So haben wir getestet

Im Test: Vier deutsche Mobil­funk­netze.

Prüf­zeitraum: Juni 2011.

Zur Prüf­durch­führung: Ein Fahr­zeug mit den Mess­einrichtungen Ascom QVoice zur Sprach­qualitäts­messung und Focus Infocom DMTS zur Messung des Daten­verkehrs fuhr im Juni 2011 auf einem Rund­kurs entlang den vier größten deutschen Flüssen (Rhein, Donau, Elbe, Weser) mit zusätzlich erweiterten Rund­kursen in den durch­fahrenen Städten. Es wurden Auto­bahnen, Land­straßen sowie in den Städten Haupt­verkehrs­straßen und Wohn­straßen genutzt. Für die Messung wurden in den jeweiligen Shops der Betreiber verdeckt Verträge abge­schlossen. Die Verbindungen erfolgten über vier Mobiltelefone vom Typ Nokia 6720 sowie über den besten beim jeweiligen Anbieter verfügbaren USB-Daten­stick (T-Mobile web’n’walk Stick Business E1823, Vodafone K4505H, O2 Surf­stick Plus E367 und E-Plus Base Stick E173).

Telefonieren: 50 %

Zeitgleich wurde über alle Mobil­funk­netze alle 100 Sekunden ein einminütiges Gespräch mit einer ISDN-Fest­netz­nummer aufgebaut. 70 Prozent der Anrufe wurden vom Mobiltelefon aus initiiert, die übrigen vom Fest­netz­anschluss. Bewertet wurden der Anteil der erfolg­reich beendeten Anrufe, die Zeit des Rufaufbaus, die auto­matisiert gemessene Sprach­qualität nach PESQ 862.1 und die jeweilige Streuung der Ergeb­nisse.

Internet: 50 %

Zeitgleich wurden über alle Mobil­funk­netze Daten­verbindungen aufgebaut. Inner­halb einer Daten­verbindung wurde jeweils ein FTP-Download und -Upload durch­geführt, um eine möglichst unver­fälschte Daten­rate während einer TCP-Verbindung zu bestimmen. Zudem wurden Websites mittels HTTP abge­rufen, um die Leistung der Mobil­funk­netze bei der Über­tragung von mehreren parallelen Daten­strömen inner­halb der Websites zu bestimmen. Es wurde zudem jeweils eine 500 Kilobyte große E-Mail gesendet und empfangen. Bewertet wurden Daten­raten, Über­tragungs­zeiten und der Anteil der erfolg­reichen Up- und Downloads. Zudem wurden Reaktions­zeiten („Ping“) gemessen.
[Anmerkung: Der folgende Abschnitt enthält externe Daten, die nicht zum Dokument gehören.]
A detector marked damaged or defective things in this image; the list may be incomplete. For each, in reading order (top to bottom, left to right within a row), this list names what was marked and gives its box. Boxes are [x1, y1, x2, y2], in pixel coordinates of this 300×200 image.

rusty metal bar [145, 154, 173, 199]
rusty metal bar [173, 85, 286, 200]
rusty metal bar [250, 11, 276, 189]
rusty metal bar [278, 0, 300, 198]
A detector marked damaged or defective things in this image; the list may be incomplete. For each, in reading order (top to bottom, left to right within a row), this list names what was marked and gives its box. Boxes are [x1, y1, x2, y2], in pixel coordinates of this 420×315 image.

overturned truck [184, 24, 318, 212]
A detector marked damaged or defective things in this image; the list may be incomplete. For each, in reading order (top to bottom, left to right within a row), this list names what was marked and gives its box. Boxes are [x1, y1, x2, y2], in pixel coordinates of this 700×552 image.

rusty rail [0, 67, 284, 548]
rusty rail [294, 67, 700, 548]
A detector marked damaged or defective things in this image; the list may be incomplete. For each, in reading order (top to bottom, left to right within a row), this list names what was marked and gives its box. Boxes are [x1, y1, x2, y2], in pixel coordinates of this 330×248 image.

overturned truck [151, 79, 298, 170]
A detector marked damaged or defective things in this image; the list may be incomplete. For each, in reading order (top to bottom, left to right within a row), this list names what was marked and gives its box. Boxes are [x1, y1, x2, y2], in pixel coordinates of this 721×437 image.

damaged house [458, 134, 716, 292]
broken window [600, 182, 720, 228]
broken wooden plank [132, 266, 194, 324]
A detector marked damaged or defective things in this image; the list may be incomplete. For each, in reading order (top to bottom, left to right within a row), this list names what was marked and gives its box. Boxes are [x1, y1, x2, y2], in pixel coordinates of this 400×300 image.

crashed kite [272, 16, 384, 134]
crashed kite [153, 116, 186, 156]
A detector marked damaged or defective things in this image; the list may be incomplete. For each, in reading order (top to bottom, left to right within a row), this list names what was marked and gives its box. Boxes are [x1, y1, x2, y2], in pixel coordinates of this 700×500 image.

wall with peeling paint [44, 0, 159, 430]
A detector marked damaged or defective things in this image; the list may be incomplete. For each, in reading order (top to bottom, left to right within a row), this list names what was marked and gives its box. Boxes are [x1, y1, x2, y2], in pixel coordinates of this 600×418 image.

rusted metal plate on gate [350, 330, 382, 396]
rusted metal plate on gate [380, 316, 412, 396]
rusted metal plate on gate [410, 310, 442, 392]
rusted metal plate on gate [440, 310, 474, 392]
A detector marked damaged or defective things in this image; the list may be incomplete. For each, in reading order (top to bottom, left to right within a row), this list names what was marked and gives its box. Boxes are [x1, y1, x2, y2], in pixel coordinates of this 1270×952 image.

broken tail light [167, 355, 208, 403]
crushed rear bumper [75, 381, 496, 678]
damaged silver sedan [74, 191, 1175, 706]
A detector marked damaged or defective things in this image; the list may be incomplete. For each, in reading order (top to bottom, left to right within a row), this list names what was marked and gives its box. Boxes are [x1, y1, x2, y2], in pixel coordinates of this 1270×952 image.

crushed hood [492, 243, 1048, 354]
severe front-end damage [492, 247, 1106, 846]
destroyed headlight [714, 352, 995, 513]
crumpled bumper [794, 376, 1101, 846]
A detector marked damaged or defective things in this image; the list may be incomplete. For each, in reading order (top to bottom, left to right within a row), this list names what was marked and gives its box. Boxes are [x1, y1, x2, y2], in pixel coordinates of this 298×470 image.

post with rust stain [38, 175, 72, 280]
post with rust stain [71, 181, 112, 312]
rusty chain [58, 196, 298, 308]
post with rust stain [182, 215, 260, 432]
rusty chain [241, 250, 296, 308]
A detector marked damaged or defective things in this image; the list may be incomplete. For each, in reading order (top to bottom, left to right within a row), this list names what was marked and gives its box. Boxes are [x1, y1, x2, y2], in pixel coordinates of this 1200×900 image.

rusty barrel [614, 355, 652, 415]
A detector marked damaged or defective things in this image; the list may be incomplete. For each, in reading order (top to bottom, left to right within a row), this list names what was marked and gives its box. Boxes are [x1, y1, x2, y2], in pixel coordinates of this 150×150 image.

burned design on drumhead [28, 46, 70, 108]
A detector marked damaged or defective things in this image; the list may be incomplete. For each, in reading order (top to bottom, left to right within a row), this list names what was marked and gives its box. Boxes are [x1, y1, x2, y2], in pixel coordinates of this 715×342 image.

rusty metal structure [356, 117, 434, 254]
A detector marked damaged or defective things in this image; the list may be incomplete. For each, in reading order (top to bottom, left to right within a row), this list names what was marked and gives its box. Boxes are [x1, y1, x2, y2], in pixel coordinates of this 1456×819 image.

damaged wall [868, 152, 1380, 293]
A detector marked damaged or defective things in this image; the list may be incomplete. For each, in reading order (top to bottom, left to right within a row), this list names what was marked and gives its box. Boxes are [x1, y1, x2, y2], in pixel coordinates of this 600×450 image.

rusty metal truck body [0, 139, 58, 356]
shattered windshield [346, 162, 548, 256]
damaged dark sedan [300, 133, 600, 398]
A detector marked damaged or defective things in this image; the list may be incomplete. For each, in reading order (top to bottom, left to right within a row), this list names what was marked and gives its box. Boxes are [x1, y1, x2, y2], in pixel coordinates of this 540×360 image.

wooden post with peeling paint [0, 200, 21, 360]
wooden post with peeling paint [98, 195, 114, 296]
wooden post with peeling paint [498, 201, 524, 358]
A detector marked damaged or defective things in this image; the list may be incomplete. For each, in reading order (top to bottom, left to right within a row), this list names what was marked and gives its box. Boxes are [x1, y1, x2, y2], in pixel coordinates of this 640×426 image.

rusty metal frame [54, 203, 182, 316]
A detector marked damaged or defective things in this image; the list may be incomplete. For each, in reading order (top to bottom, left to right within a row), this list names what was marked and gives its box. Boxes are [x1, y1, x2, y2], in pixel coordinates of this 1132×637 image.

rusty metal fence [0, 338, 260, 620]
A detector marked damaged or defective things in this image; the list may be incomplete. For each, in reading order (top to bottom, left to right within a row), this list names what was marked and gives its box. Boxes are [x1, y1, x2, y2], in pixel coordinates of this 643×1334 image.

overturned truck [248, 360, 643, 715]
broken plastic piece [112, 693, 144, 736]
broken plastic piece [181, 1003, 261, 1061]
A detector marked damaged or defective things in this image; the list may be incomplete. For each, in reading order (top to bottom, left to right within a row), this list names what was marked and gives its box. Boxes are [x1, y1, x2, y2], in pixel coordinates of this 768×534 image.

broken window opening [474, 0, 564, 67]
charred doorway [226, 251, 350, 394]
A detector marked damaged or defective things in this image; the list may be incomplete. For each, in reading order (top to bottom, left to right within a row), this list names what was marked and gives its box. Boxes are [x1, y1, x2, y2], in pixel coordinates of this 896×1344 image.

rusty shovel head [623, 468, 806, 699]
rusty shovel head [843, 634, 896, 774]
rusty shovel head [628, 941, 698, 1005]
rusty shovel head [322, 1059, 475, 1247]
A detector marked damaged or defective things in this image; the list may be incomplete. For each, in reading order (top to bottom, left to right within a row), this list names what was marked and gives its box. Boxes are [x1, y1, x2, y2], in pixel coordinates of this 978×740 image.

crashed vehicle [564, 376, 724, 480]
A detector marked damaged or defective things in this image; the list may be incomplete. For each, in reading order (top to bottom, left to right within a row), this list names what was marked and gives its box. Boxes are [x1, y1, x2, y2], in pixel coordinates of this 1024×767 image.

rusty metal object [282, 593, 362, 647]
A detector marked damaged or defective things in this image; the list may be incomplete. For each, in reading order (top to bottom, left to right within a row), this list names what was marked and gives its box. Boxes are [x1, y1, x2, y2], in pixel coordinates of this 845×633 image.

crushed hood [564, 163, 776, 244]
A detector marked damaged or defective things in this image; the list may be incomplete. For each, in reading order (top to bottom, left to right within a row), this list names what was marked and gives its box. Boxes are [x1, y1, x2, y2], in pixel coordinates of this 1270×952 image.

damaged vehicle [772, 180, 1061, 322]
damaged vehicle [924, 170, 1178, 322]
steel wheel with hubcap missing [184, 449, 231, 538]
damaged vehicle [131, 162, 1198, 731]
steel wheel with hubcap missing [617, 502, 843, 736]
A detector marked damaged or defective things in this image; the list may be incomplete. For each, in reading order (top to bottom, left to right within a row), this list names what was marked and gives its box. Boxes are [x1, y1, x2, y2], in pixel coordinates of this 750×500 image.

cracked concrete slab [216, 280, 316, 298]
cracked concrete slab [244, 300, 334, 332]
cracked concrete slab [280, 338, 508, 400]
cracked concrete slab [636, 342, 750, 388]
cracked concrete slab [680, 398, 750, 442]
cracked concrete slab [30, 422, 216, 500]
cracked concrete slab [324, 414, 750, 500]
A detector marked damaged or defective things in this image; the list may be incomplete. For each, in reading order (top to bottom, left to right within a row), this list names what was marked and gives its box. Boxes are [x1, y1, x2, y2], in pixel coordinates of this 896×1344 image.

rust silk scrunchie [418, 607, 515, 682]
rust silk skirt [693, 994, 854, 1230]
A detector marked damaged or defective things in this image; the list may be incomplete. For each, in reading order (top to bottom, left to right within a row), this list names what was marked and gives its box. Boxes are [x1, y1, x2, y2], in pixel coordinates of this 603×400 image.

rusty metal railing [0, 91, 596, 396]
Anhand der Einwohnerdichte am jeweiligen Mess­ort wurden die Ergeb­nisse für Ballungs­gebiete mit über 1 000 Einwohnern pro Quadratkilo­meter, Kleinst­ädte mit 100 bis 1 000 Einwohnern pro Quadratkilo­meter und ländlicher Raum mit weniger als 100 Einwohnern pro Quadratkilo­meter ausgewertet.